I can definitely say, after reading it yet again, that it is much more enjoyable as an adult. I feel like I took more out of the novel than I did when I was little. The book begins very much like you would a tale for children, but there is a turning point in the story where the story begins to get more grim. The same things actually happens in The Lord of the Rings. Tolkien eventually begins to raise moral questions in the book that aren't something a child is really prepared to contemplate, and so it makes more of an adult read. Such questions as who has the right to Smaug's treasure? Is Bilbo entitled to take the Arkenstone? Is there a difference between behaving properly and acting according to one's claim?


I know I wasn't prepared for those types of questions when I read it when I was 10 or 11 years old. Back then I was just immersed in this fantasy world that was so different of the "mundane" one I lived in. I've also been obsessed with dragons for as long as I can remember, and Smaug truly IS the magnificent. He is one of my favorite character I have ever encountered in a novel, and I've read a lot of novels in my life.

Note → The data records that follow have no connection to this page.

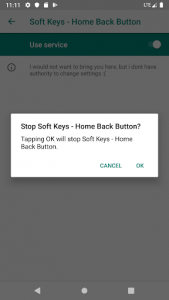 اسکرین شات برنامه Simple Control (SoftKey) - Home Back Button 2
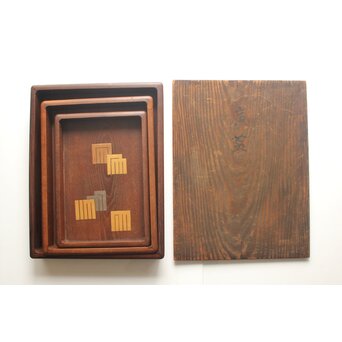 源氏香文 桑の広蓋　Q408 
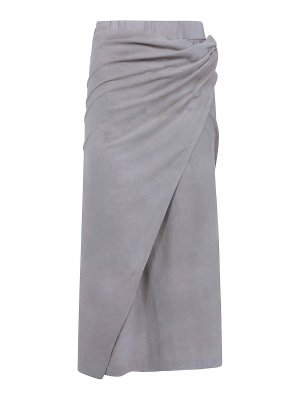 ZIGGY CHEN: Long skirts - Asymetric Jersey Skirt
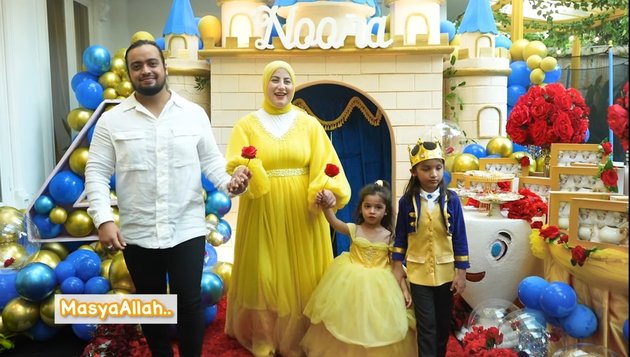 7 Portraits of Noora's Second Birthday Moment, Tasyi Athasyia's Second Child, Carrying the Theme of One Disney Character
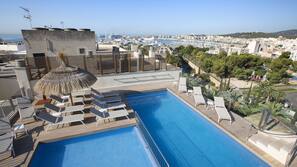 2 piscinas al aire libre, sombrillas, tumbonas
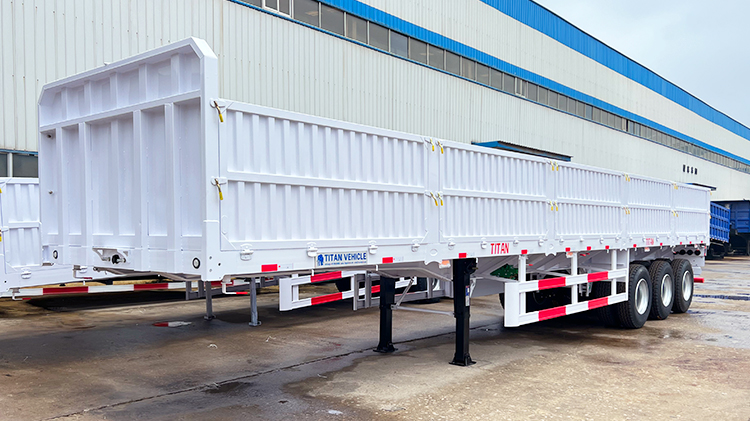 Hydraulic Heavy Duty 3 Line 6 Axles 130 Ton Low Bed Trailer for Sale in Mauritius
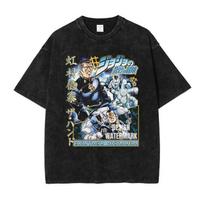 HUANHUSHENG JoJo's Bizarre Adventure Men's Cotton T-Shirt 3XL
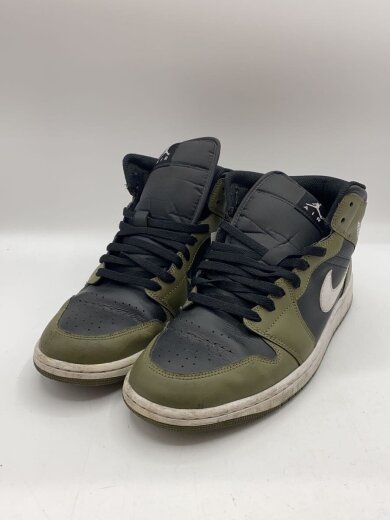 商品画像：AIR JORDAN 1 MID_エア ジョーダン 1 ミッド/28.5cm/KHK 2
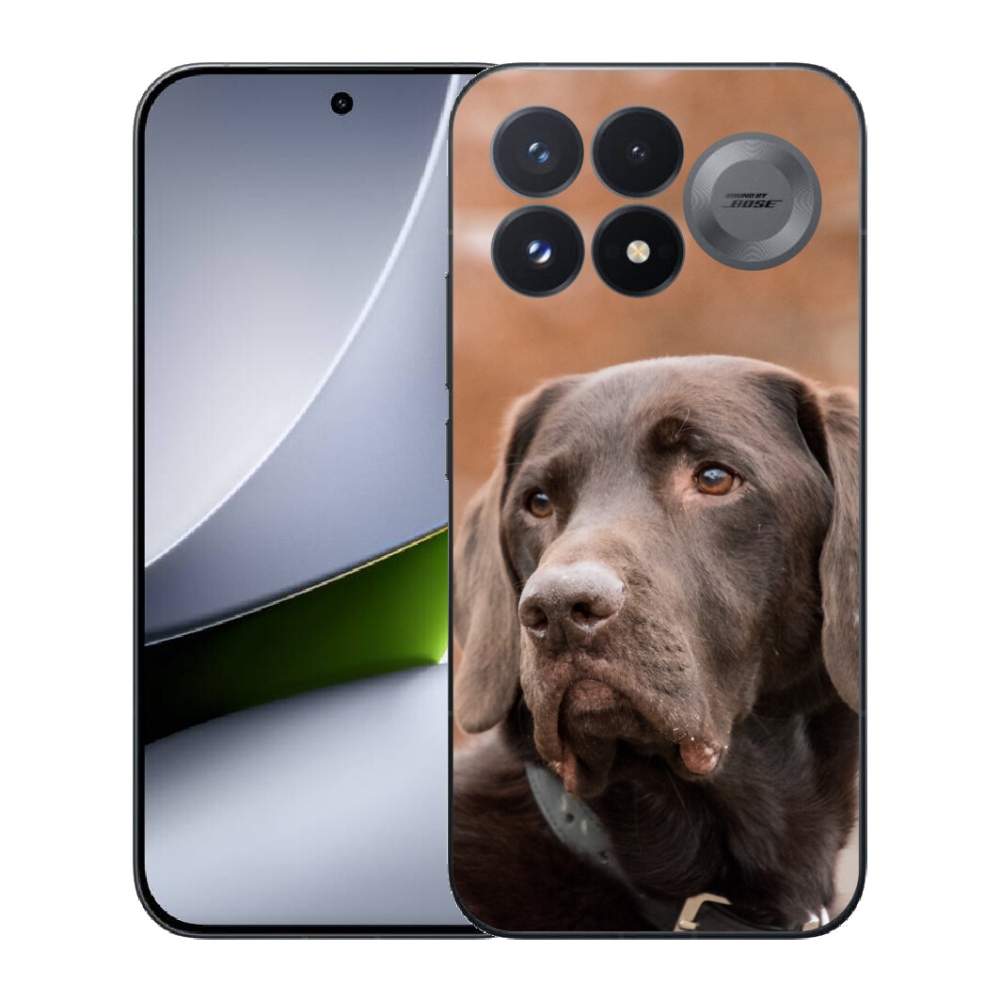 Gélový kryt mmCase na Xiaomi Poco F9 Pro 5G - hnedý labrador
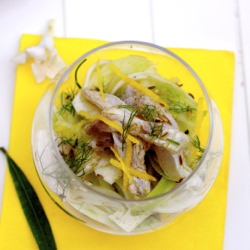 Branzino & Fennel Carpaccio - Recipe photo by Apron and Sneakers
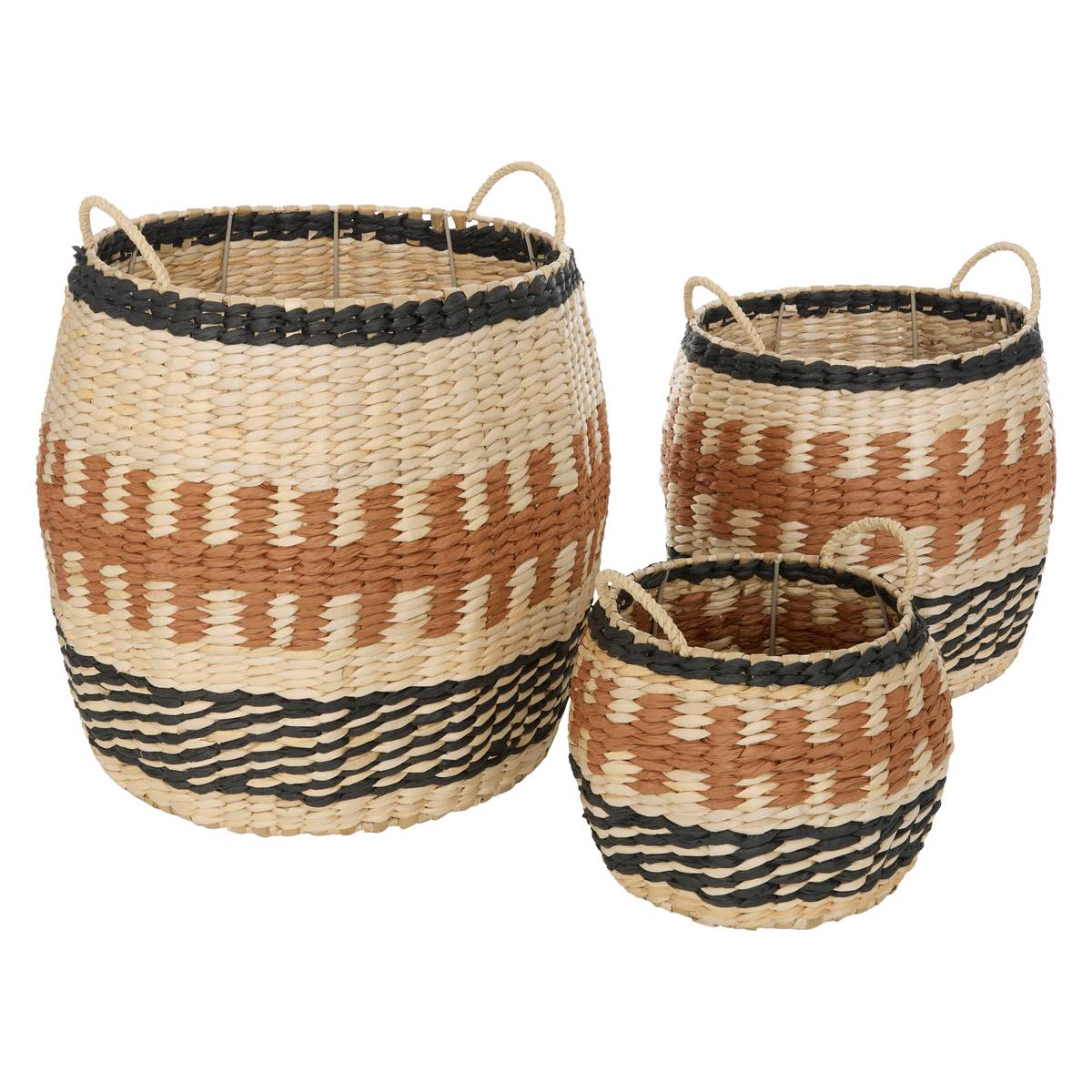 Lot de 3 paniers Wonja Rangements déco Paniers de rangement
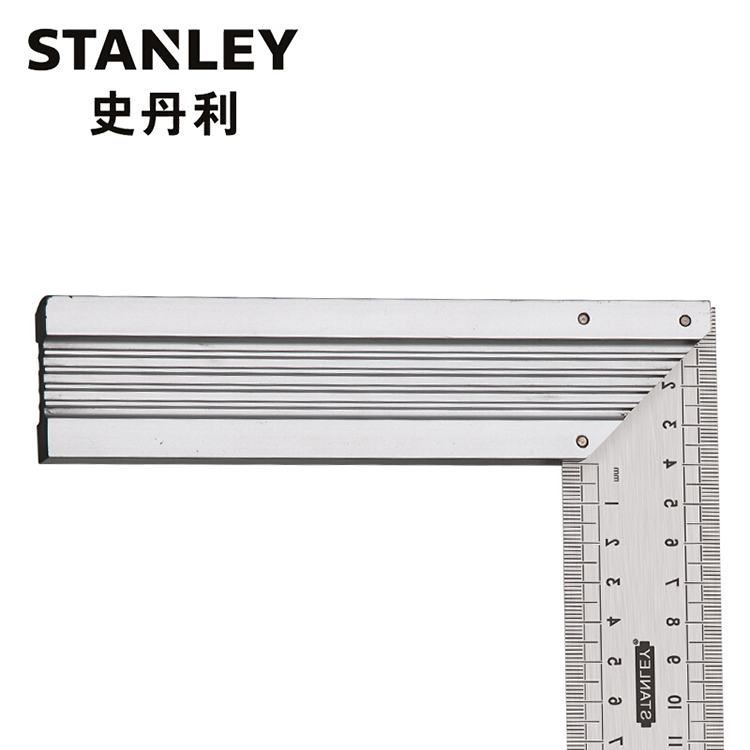 史丹利/STANLEY 铝柄不锈钢直角尺300*165mm  35-351-23 1把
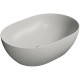 Раковина-чаша накладная GSI Pura 500x350 мм овальная без отверстия Cenere Matte 886017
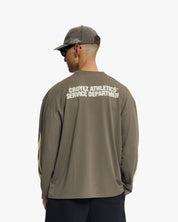 Croyez Service Dept Longsleeve | Washed Brown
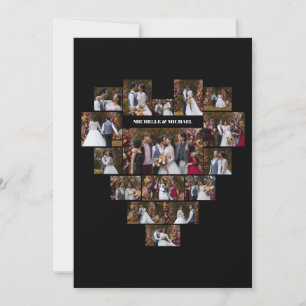Faire-part Concevez Votre Propre Collage De Photos En Forme D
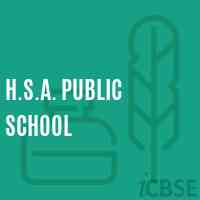 H.S.A. Public School Logo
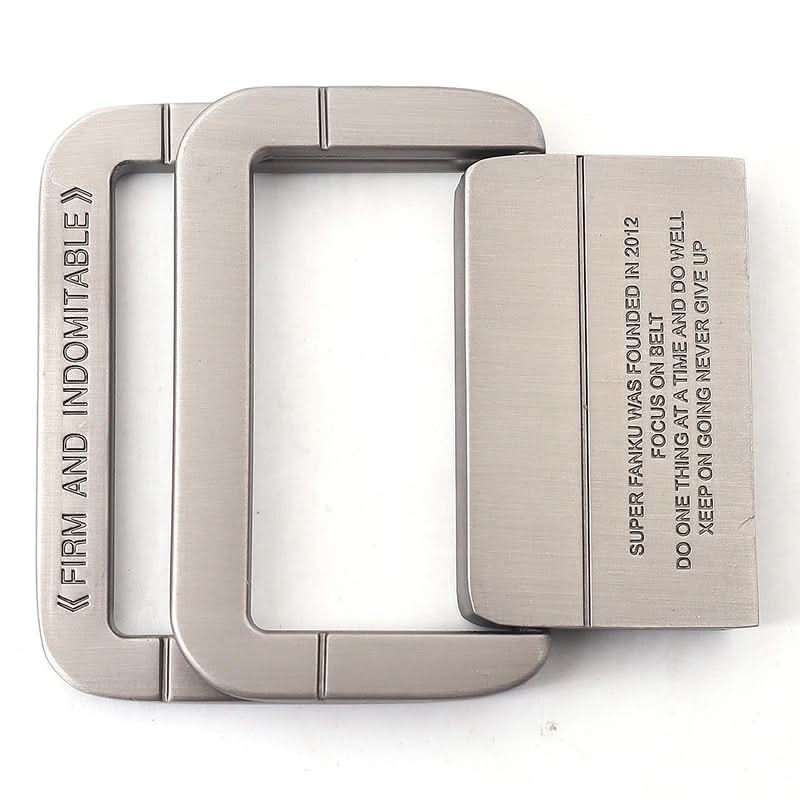 Kalsten | Cinturón de Lona Unisex – Hebilla de Doble Anillo Metálico, Ajustable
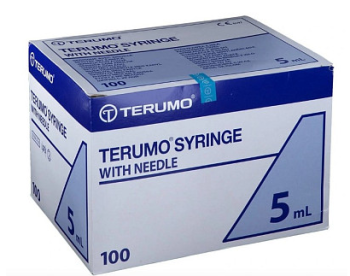 SIRINGHE CON AGO TERUMO 5 ml - 22GX1/2" - sterili conf. 100 pezzi
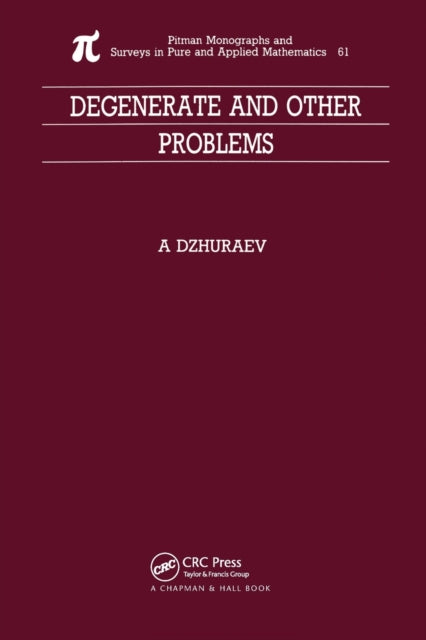 Book cover of: Degenerate and Other Problems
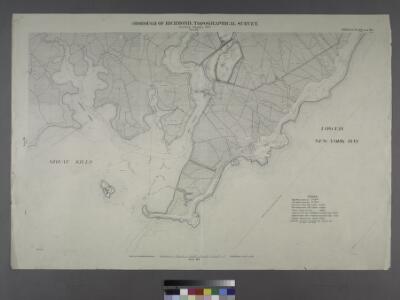 Sheet Nos. 79 & 80. [Include Oyster Island, Lockman's Creek, Flat Creek and Mill Creek Estuaries.]; Borough of Richmond, Topographical Survey.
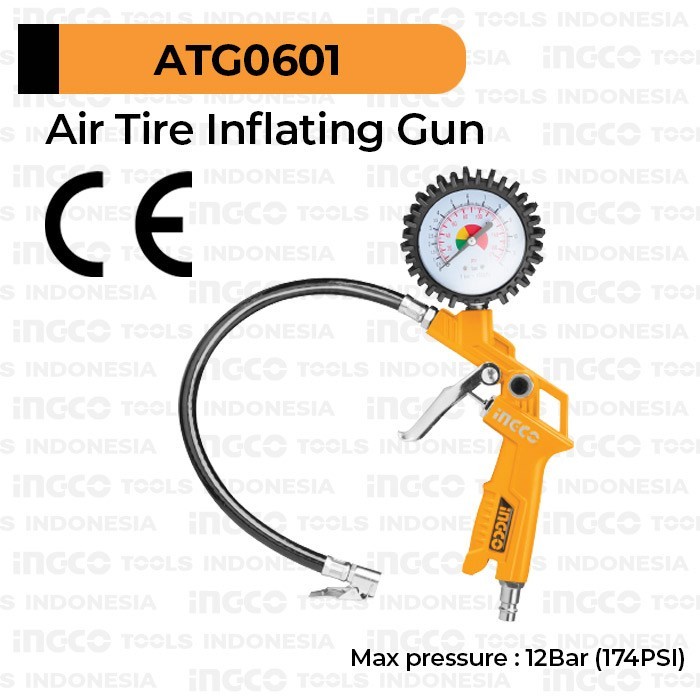 INGCO POMPA BAN / TEKANAN ANGIN BAN AIR TIRE INFLATING GUN ATG0601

I also feel like the book needs to be read aloud in order to give it the justice it deserves, almost like one of those old epic poems such as Beowulf or Homer's The Iliad and The Odyssey. My favorite lines from The Hobbit are during the death of Smaug:

The great bow twanged. The black arrow sped straight from the string, straight for the hollow by the left breast where the foreleg was flung wide. In it smote and vanished, barb, shaft and feather, so fierce was its flight. With a shriek that deafened men, felled trees and split stone, Smaug shot spouting into the air, turned over and crashed down from on high in ruin. Full on the town he fell. His last throes splintered it to sparks and gledes. The lake roared in. A vast steam leapt up, white in the sudden dark under the moon. There was a hiss, a gushing whirl, and then silence.



Gets me every time. The writing is absolutely beautiful.